Because they realized that there are loopholes in GPLv2 and they are exploiting them for their own profit just as Tivo Inc. has done. If I remember right it's not that there's some sort of DRM built into the Kernel but there is some sort of Kernel checking software in the firmware that checks the checksum of the kernel. If the kernel has been modified and you try to load it you'll get a checksum error and the hardware won't boot. At least I think that is how it works...

Y-ASK


----------



## rainwater (Sep 21, 2004)

Y-ASK said:


> Because they realized that there are loopholes in GPLv2 and they are exploiting them for their own profit just as Tivo Inc. has done.


Again, I have no clue where you get this information. The reason the kernel isn't switching to the GPL v3 are exactly because of these "loopholes". Torvalds himself realizes the problems with v3 which is why it isn't being adopted. These so called "loopholes" encourage commercial use. But people are now trying to change the "spirit" of the GPL so that any commercial usage is frowned upon. Luckily the GPL v2 wasn't designed that way and this so called "spirit" can't become reality.


----------



## Y-ASK (Aug 17, 2001)

rainwater said:


> Again, I have no clue where you get this information. The reason the kernel isn't switching to the GPL v3 are exactly because of these "loopholes".


I think it's pretty obivious where the info. is coming from. All you have to do is spend some time in the under ground forum to understand how the Tivo works and then apply what is known about the GPLv2. Read some of the opinions about what the sprit of open source is and make your own conclusions. Just because you happen to disagree with what some people think the sprit is doesn't make the information provided wrong. If you don't like the word "loophole" insert what ever you like. And it's really not information, as I said before, it's pure speculation and opinion.

Y-ASK


----------



## ping (Oct 3, 2005)

Yes, opinion. And my opinion is that some are incorrectly trying to apply the GPL to the TiVo hardware. You're entitled to TiVo's modifications to the kernel and tools. You're entitled to compile that kernel and those tools. You're entitled to further modify them. And you're entitled to run that modified kernel and tools on any non-proprietary hardware of your choice. You're not entitled to run those modifications on TiVo's proprietary hardware or to run TiVo's closed application software on a modified platform.


----------



## Stormspace (Apr 13, 2004)

It's a very complex argument. I mean, who doesn't want free stuff? At the same time if someone builds a wiget they should be able to sell that for whatever the market will bear. The GPLv2 doesn't prevent someone from making a wiget with proprietary hardware. All it asks is for the source to be given back so others can use it. For me this gets complicated, since it's obvious that even though the source is open the ideas and concepts behind the source aren't open. Wishlists and Season passes come to mind as patented/copywritten items that although they are represented in code couldn't be reused anyway, or could they? You almost have to be a GPL lawyer to understand how TiVo uses the GPL and gets around some of the issues. At any rate it's obvious that I am not alone in my confusion since many other people feel TiVo is taking advantage of the GPL and it's spirit, but whether that is the case or not... 

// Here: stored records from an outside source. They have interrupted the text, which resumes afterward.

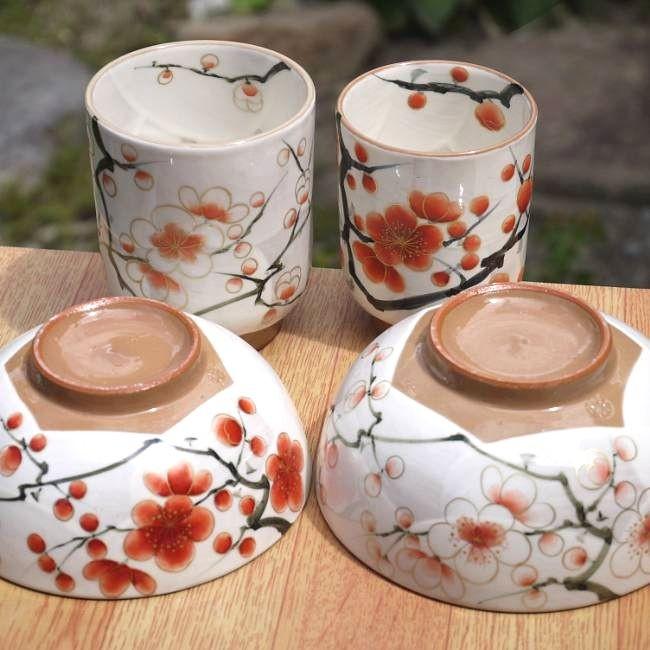京焼 清水焼 紅白梅夫婦湯呑みと夫婦茶碗セット 陶あん : 松韻堂 Yahoo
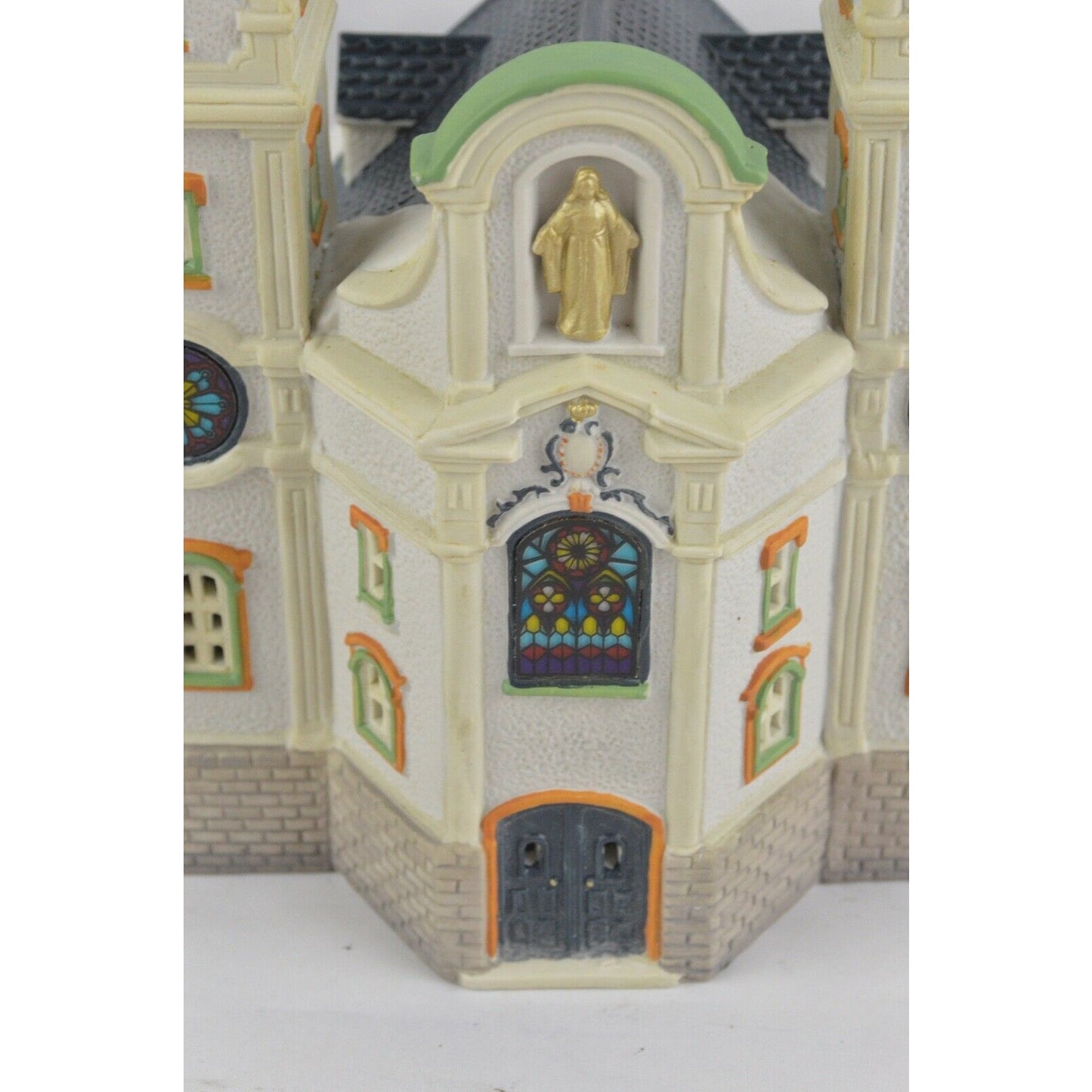 Porcelain Lighted Church Cathedral Building LEMAX 1995 Valley Train Station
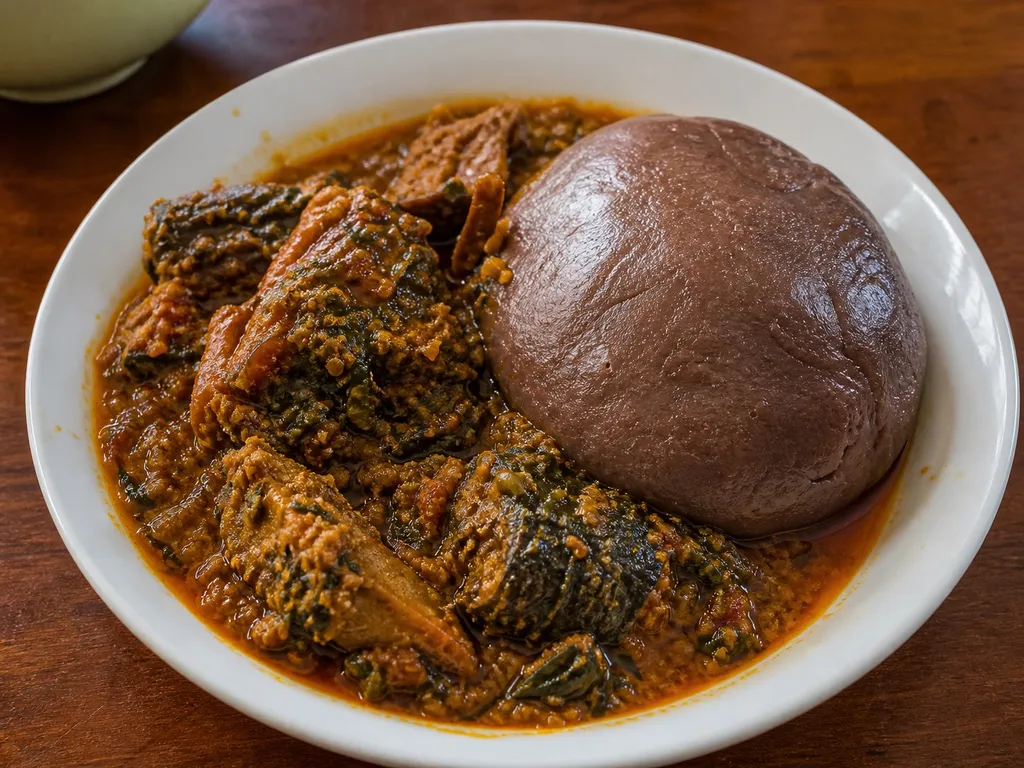 Amala — plated and served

I just know that there have been some good devices based on linux to come out in the past few years and that's good for everyone. At some point there will be a convergence as these devices come together and start talking to each other. It'll be like linux sneaked up on us and it certainly must give MS pause to think that these devices aren't running windows.


----------



## Y-ASK (Aug 17, 2001)

Stormspace said:


> I just know that there have been some good devices based on linux to come out in the past few years and that's good for everyone.


Here's a perfect example:
http://www.linksys.com/servlet/Sate...471050&pagename=Linksys/Common/VisitorWrapper

The Linksys NSLU2 can be used as Linksys intended it or it can be modified by the Linux community and used for whatever they wish to program on it. Here's a link on how to modify it:

http://www.smallnetbuilder.com/nas/nas-how-to/how_to_nslu2_hack_pt1/

Linksys still makes money on each device they sell so why can't Tivo?

Y-ASK


----------



## Electricllama (May 9, 2002)

rainwater said:


> What spirit is that? If it violates the spirit, then why are kernel developers spending so much time to get Linux on tiny devices knowing full well the same situation will apply. This "spirit" is some type of utopian society that doesn't really exist.


Too many people here confusing GPLv2's relationship with Linux. GPLv2 is the license under which the Linux Kernel is distributed. Other than that, there is no relationship. The kernel developers and Linus Torvalds had no influence whatsoever in the creation of the license. Most of the kernel developer's don't care that strongly about the license to spend a lot of time contemplating the nuances of it's spirit (in fact, I'm sure many own TiVo's).

The GPLv2 existed long prior to the Linux Kernel and was written primarily by Richard Stallman. The "spirit" exists in the utopian society that he attempted to create when he wrote GPLv2. He is attempting to further his utopia under GPLv3. There's no need to argue the spirit of GPLv2 because the sprit is pretty much whatever Richard Stallman says it was.


----------



## Y-ASK (Aug 17, 2001)

Stormspace said:


> It's a very complex argument.


Well the more I read the more educated I become. It is a very complex issue and I can see both sides of the argument. I'm sure Tivo is working within the GPLv2 framework and maybe what they and other companies are doing is not really a bad thing. It's just not necessarily the way some GPLv3 supporters would want things to be.

Y-ASK


----------



## MighTiVo (Oct 26, 2000)

What needs to happen is everybody needs to be free to eliminate Macrovision encoding from their hardware/software if they don't want it.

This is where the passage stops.